Se levantó lentamente, estirando los brazos y sintiendo cómo los músculos de su cuerpo de 12 años se tensaban y relajaban. Era un cuerpo fuerte, atlético, que había aprendido a manejar con destreza. Desde que comenzó a entrenar en deportes, Allegra había encontrado una forma de canalizar la energía que parecía desbordarla. La tristeza profunda que la había consumido en los primeros días, cuando apenas comprendía dónde estaba y qué había sucedido, se había diluido con el tiempo. No sabía si se debía a su juventud, a la novedad de ser un varón en un cuerpo diferente, o simplemente porque la vida seguía adelante. Pero aquella tristeza, que una vez le había hecho desear desaparecer, ahora era un eco distante. Aún así, Allegra sabía que no podía permitirse olvidar. Escribir en su diario era su manera de mantener viva esa conexión con su pasado, de recordar quién era y de dónde venía.
Hoy, sin embargo, mientras se acercaba al espejo de cuerpo entero en la esquina de su habitación, una punzada de melancolía la invadió. Allí estaba, un joven alto para su edad, con el cabello plateado cayendo suavemente sobre su frente y los ojos de un gris profundo que, a veces, en momentos de intensa emoción, cambiaban de color. Allegra se quedó mirando su reflejo, intentando ver más allá del niño que había aprendido a conocer durante los últimos dos años. ¿Cómo era Felicity? La imagen de su antiguo yo se desvanecía como un sueño que se borra al despertar.

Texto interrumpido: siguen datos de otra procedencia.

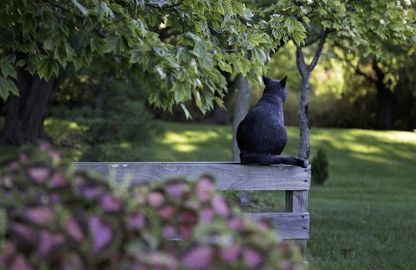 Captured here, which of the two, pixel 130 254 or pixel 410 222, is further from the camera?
pixel 410 222

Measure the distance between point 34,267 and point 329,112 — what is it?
32.8m

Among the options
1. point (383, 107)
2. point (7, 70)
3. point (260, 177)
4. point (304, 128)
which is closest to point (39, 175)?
point (7, 70)

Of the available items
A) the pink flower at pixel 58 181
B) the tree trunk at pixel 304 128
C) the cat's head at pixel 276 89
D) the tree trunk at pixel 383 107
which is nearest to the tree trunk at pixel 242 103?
the tree trunk at pixel 304 128

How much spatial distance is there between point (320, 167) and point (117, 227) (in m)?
15.8

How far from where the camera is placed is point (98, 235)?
75.4 inches

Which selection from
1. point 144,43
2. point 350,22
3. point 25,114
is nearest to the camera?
point 144,43

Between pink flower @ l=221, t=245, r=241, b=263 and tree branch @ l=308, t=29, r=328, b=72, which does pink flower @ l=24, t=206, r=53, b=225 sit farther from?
tree branch @ l=308, t=29, r=328, b=72

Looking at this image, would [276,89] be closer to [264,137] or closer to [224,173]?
[264,137]

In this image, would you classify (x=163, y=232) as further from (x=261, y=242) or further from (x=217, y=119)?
(x=217, y=119)

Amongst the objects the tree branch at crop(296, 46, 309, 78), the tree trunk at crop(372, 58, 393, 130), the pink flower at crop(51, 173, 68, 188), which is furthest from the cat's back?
the tree trunk at crop(372, 58, 393, 130)

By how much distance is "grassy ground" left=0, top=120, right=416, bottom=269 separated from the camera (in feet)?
25.6

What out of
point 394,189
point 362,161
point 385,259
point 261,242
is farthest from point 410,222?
point 362,161

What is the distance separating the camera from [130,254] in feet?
6.38

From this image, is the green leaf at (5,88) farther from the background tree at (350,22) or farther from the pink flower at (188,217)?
the background tree at (350,22) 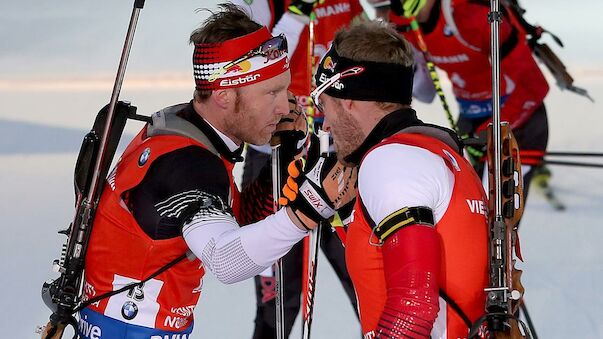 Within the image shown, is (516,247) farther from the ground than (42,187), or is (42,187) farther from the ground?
(42,187)

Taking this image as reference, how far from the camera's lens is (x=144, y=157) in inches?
110

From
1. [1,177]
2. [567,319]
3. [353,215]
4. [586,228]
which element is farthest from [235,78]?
[1,177]

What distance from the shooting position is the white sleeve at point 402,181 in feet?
7.42

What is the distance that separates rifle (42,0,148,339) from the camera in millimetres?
2893

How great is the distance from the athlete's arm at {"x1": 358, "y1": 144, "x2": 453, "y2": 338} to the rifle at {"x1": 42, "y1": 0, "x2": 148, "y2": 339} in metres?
0.84

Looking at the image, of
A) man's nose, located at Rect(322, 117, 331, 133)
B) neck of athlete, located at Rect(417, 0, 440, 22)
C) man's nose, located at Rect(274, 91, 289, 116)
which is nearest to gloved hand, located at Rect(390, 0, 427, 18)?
neck of athlete, located at Rect(417, 0, 440, 22)

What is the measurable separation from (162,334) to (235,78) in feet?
2.28

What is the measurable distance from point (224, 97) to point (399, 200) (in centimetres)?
85

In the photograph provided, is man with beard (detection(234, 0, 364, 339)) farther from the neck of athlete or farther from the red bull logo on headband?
the red bull logo on headband

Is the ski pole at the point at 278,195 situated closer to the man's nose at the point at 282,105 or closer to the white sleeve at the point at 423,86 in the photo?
the man's nose at the point at 282,105

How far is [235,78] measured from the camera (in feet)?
9.68

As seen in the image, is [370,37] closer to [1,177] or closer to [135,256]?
[135,256]

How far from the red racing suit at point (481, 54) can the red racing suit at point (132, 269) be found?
2.14 metres

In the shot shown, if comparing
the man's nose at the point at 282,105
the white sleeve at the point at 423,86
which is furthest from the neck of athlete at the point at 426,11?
the man's nose at the point at 282,105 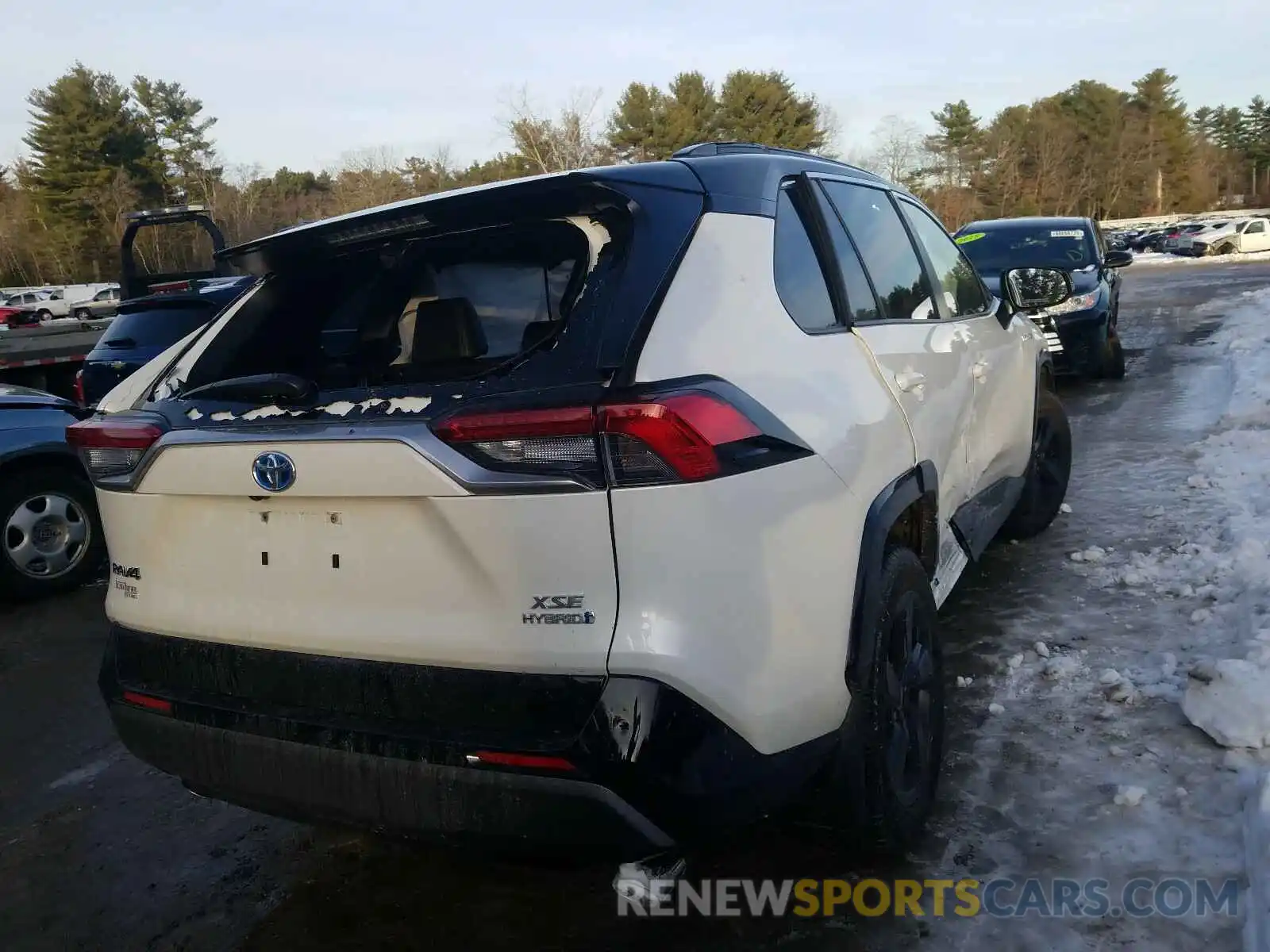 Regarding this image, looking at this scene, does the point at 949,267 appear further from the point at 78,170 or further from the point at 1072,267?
the point at 78,170

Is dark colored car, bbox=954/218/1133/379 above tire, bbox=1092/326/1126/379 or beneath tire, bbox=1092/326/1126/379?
above

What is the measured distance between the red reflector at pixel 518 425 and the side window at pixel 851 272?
3.97 feet

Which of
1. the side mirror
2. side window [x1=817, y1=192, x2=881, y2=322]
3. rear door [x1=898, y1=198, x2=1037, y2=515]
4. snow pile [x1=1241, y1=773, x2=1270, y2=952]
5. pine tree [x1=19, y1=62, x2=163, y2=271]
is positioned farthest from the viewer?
pine tree [x1=19, y1=62, x2=163, y2=271]

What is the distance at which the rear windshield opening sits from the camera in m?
2.38

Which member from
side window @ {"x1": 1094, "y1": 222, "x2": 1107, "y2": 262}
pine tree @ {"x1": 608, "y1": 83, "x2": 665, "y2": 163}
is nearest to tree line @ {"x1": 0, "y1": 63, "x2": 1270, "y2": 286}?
pine tree @ {"x1": 608, "y1": 83, "x2": 665, "y2": 163}

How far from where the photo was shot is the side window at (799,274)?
2.49m

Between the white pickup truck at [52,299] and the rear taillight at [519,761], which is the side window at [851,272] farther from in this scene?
the white pickup truck at [52,299]

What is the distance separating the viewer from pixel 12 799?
11.6 feet

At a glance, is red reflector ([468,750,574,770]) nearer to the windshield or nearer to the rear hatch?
the rear hatch

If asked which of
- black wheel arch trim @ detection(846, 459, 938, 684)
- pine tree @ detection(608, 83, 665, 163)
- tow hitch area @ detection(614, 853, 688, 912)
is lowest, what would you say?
tow hitch area @ detection(614, 853, 688, 912)

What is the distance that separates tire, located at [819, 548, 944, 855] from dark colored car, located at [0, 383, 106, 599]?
5135mm

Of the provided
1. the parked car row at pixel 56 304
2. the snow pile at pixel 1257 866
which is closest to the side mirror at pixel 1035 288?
the snow pile at pixel 1257 866

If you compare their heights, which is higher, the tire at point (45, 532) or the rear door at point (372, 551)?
the rear door at point (372, 551)

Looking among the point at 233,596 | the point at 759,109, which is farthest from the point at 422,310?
the point at 759,109
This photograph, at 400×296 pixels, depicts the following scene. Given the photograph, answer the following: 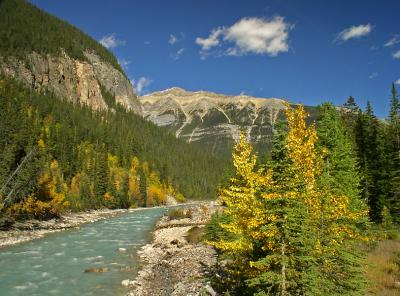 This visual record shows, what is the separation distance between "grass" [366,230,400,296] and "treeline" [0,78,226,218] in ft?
155

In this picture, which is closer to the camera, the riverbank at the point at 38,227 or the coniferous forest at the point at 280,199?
the coniferous forest at the point at 280,199

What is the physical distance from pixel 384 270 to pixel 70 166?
10289cm

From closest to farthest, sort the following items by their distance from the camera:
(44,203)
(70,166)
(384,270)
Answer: (384,270) → (44,203) → (70,166)

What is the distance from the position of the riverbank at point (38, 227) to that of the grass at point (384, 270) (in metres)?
39.0

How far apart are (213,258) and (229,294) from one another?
538 inches

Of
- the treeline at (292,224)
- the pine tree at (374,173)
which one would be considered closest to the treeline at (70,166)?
the treeline at (292,224)

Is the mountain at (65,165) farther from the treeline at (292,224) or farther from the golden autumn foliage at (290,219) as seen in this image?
the golden autumn foliage at (290,219)

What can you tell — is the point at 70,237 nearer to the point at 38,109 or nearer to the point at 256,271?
the point at 256,271

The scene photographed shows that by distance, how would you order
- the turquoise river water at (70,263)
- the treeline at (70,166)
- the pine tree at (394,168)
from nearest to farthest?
the turquoise river water at (70,263) < the pine tree at (394,168) < the treeline at (70,166)

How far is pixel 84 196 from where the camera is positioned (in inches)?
3718

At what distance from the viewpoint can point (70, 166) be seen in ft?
372

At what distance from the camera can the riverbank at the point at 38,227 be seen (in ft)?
157

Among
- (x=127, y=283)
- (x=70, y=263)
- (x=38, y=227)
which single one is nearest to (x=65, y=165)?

Recordaba vagamente la forma de su rostro, pero los detalles específicos se escapaban como arena entre sus dedos. En un esfuerzo por retener lo que quedaba, Allegra se dirigió a su escritorio, donde un cuaderno desgastado reposaba, lleno de recuerdos que había luchado por conservar. Se sentó en la silla y abrió el cuaderno, buscando con urgencia las páginas en las que había descrito a su familia y a sí misma, en un intento desesperado de mantener viva esa conexión.
Los rostros de su madre y su padre eran difusos en su memoria, pero al leer las palabras que había escrito años atrás, un calor reconfortante llenó su pecho. Aunque la neblina cubría esos recuerdos, el amor y el deseo de volver a encontrarlos no se habían debilitado. El cuaderno se había convertido en su vínculo con el pasado, un testimonio de su vida anterior y de la persona que había sido.
Respiró hondo y continuó leyendo, dejando que las palabras la reconfortaran. El cuaderno era su salvavidas, el único ancla que la mantenía conectada a un pasado que cada día parecía más lejano. Pero incluso en medio de esa tristeza, Allegra sentía una chispa de esperanza. Aunque los detalles se desvanecían, el amor que sentía por su familia seguía vivo, y eso era lo que la mantenía fuerte.
Con el inicio de clases a la vuelta de la esquina, Allegra sabía que tenía que prepararse. No solo se trataba de volver a la escuela, sino de adaptarse a una vida que, aunque extraña y a veces desconcertante, era la suya ahora. Tenía que fortalecerse, tanto física como mentalmente, porque sabía que el camino para encontrar respuestas sería largo y difícil.
Al final del día, después de cumplir con sus lecciones y entrenamientos, Allegra se acostó en su cama, el cuaderno cerrado pero siempre cerca. Aoi y Wolfgang la observaban desde la puerta, sus rostros llenos de una mezcla de felicidad y esperanza al ver cómo su hija, o mejor dicho, su hijo, se iba transformando en alguien más fuerte y determinado.
Allegra, ajena a su mirada, se quedó contemplando el techo, preguntándose qué le depararía el futuro. Había aprendido mucho en esos dos años, sobre el mundo, sobre su nuevo cuerpo, y sobre sí misma. Pero había algo que no cambiaba: su deseo de descubrir la verdad y reunirse con su familia. Con esa resolución en mente, cerró los ojos y se dejó llevar por el sueño, sabiendo que el día siguiente la acercaría un poco más a su objetivo.